Geological Survey (USGS) en 2022, la production nationale de cobalt s’élevait à environ 2.500 tonnes, tandis que les réserves prouvées atteignaient 14.000 tonnes. Malgré ce niveau d’activité, le Maroc ne figure pas encore parmi les principaux producteurs recensés sur le marché mondial du cobalt.

Pourtant, contrairement à la plupart des gisements de cobalt — généralement extraits comme sous-produits du cuivre ou du nickel —, la mine de Bou-Azzer, située à 120 kilomètres au sud de la ville d’Ouarzazate, compte parmi les seules mines au monde où le cobalt est présent à l’état principal, sans être associé à d’autres métaux ou minerais. Une particularité documentée, retrouvée par ailleurs dans les publications géologiques datant de l’époque coloniale des années 1940-1950, qui décrivent Bou-Azzer comme un «gisement cobaltifère de premier ordre, indépendant des métaux associés».

Sécuriser l’amont
Le Maroc ne se limite pas à l’extraction et cherche à remonter la chaîne de valeur. D’après IndexBox, le spécialiste dans la collecte, d’analyse et prévision de données sectorielles, le Royaume s’impose en 2024 comme premier importateur de cobalt de la région MENA, avec 1.200 tonnes, soit 86% des volumes, pour une valeur estimée à 4,4 millions de dollars.

En dix ans, les volumes importés dépasse les 28%, signe d’une demande intérieure en expansion, voire d’une orientation centrée sur la sécurisation des approvisionnements. Chose que les volumes anémiques à l’export (201 kg en 2024) semblent confirmer.

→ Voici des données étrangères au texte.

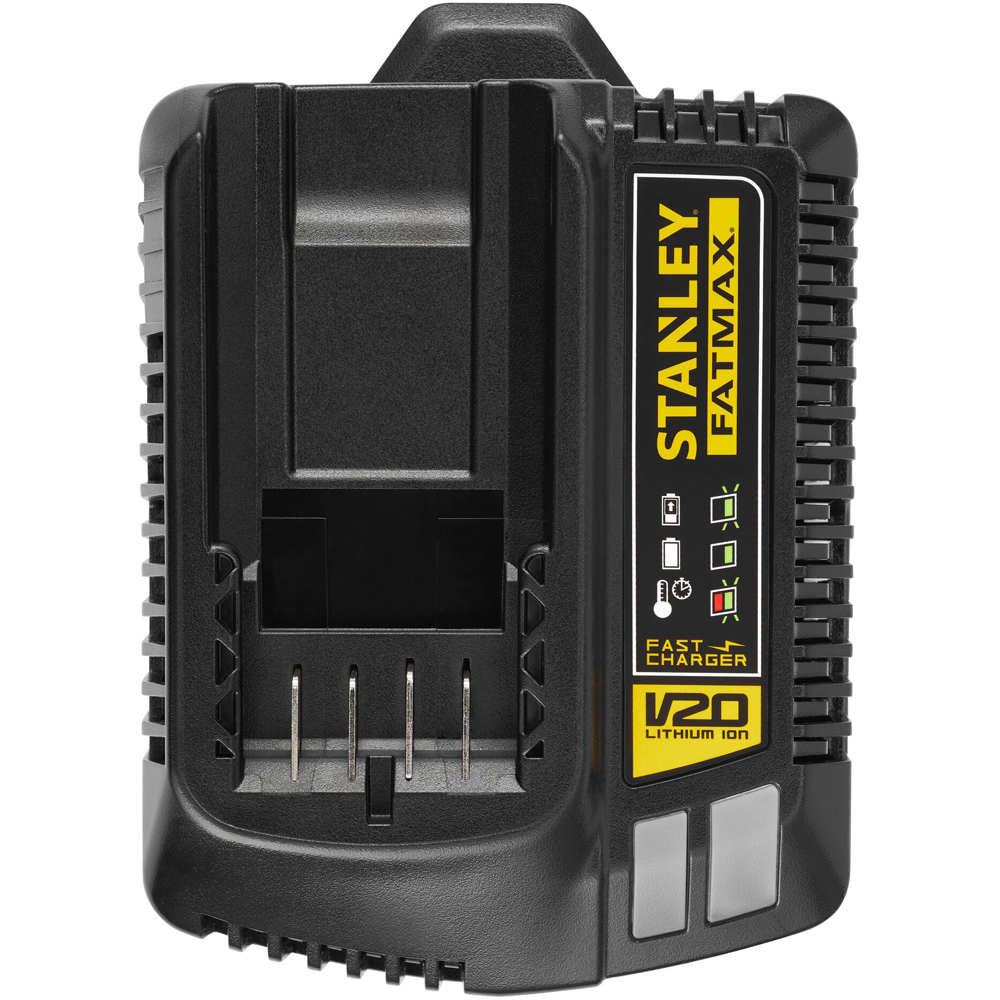 Incarcator pentru acumulatori STANLEY FATMAX SFMCB14, 18V, Li-Ion
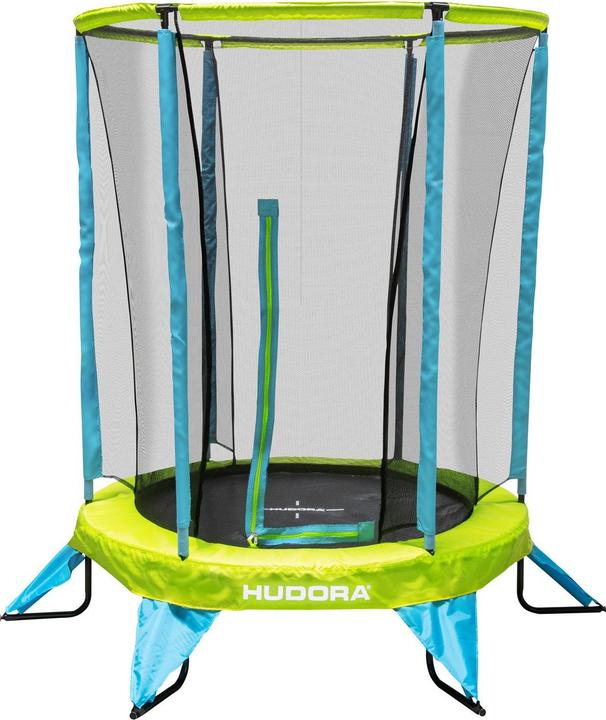 Produktbild Hudora Kindertrampolin Safety 140 (140 cm)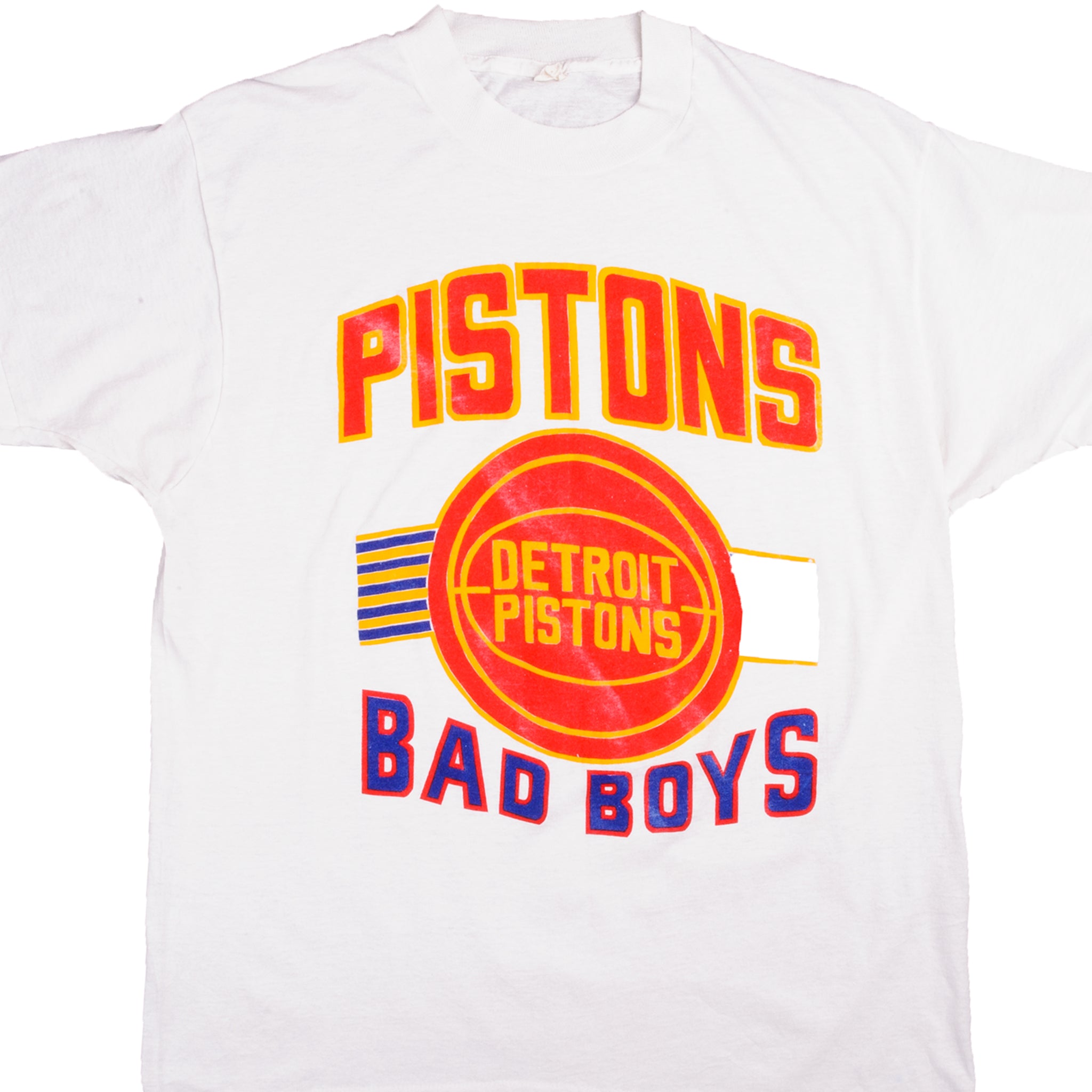 Vintage 90s Clothing NBA Detroit Pistons Basketball Men Size -  Israel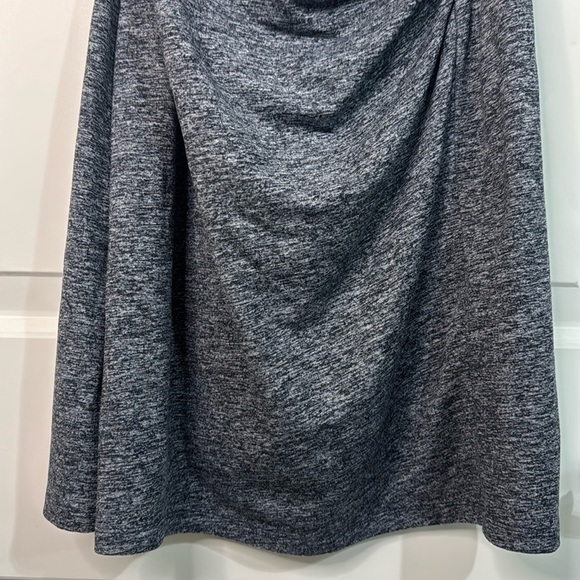 Ann Taylor Soft Wrap Blue Dress Size 2P Women’s Petite - Picture 4 of 12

Ce repositionnement prend une dimension concrète avec l’installation à Jorf Lasfar d’une première unité consacrée aux matériaux pour batteries lithium-ion. Ces batteries combinent, pour rappel, une anode en graphite et une cathode de métaux divers, où le cobalt joue un rôle décisif pour assurer la stabilité thermique et éviter, du coup, les emballements de chaleur prolongeant ainsi leur durée de vie.

Cette place se mesure aussi à l’échelle d’un marché mondial des batteries dont la croissance annuelle est estimée entre 12% et 16% sur la période 2024-2035, pour atteindre entre 450 et 680 milliards de dollars à l’horizon 2032-2035.

Certes, les batteries LFP (lithium-fer-phosphate) n’intègrent pas de cobalt, mais leur densité énergétique plus faible les cantonne surtout aux véhicules d’entrée de gamme et au stockage stationnaire. En parallèle, les investissements dans les infrastructures de recharge ont avoisiné, d’après l’IEA, 50 milliards de dollars en 2023, accélérant la diffusion des usages et, par ricochet, la demande en matériaux de cathode.

Dans ce paysage en pleine recomposition, la stratégie nationale gagne à maintenir une double posture. D’un côté, sécuriser l’amont par des importations afin d’alimenter les segments où le cobalt conserve un rôle structurant au sein des cathodes NMC. De l’autre, en développant, à Jorf Lasfar notamment, une base industrielle suffisamment agile pour accompagner les trajectoires technologiques à venir.

Le cobalt, maillon critique des batteries NMC

En 2020, les batteries, dites NMC (nickel-manganèse-cobalt), représentaient près de trois quarts du marché mondial. Mais l’évolution du marché tend à réduire la part de cobalt, remplacé progressivement par davantage de nickel. La génération la plus récente, NMC 811 (10% de cobalt), illustre cette évolution avec moins de cobalt et une capacité énergétique accrue.

Face à ces ajustements, d’autres technologies se développent, comme les batteries LFP (lithium-fer-phosphate), qui n’utilisent ni nickel ni cobalt. Malgré ces évolutions, le cobalt demeure un maillon essentiel de la chimie dominante des batteries, et sa demande reste intimement liée à l’essor du véhicule électrique.

C’est à ce tournant que se joue l’avenir du Maroc. Son gisement de Bou-Azzer, reconnu pour sa pureté, et les premières unités de transformation installées à Jorf Lasfar lui confèrent une position singulière dans un marché où la ressource conserve un caractère stratégique, même en proportion réduite.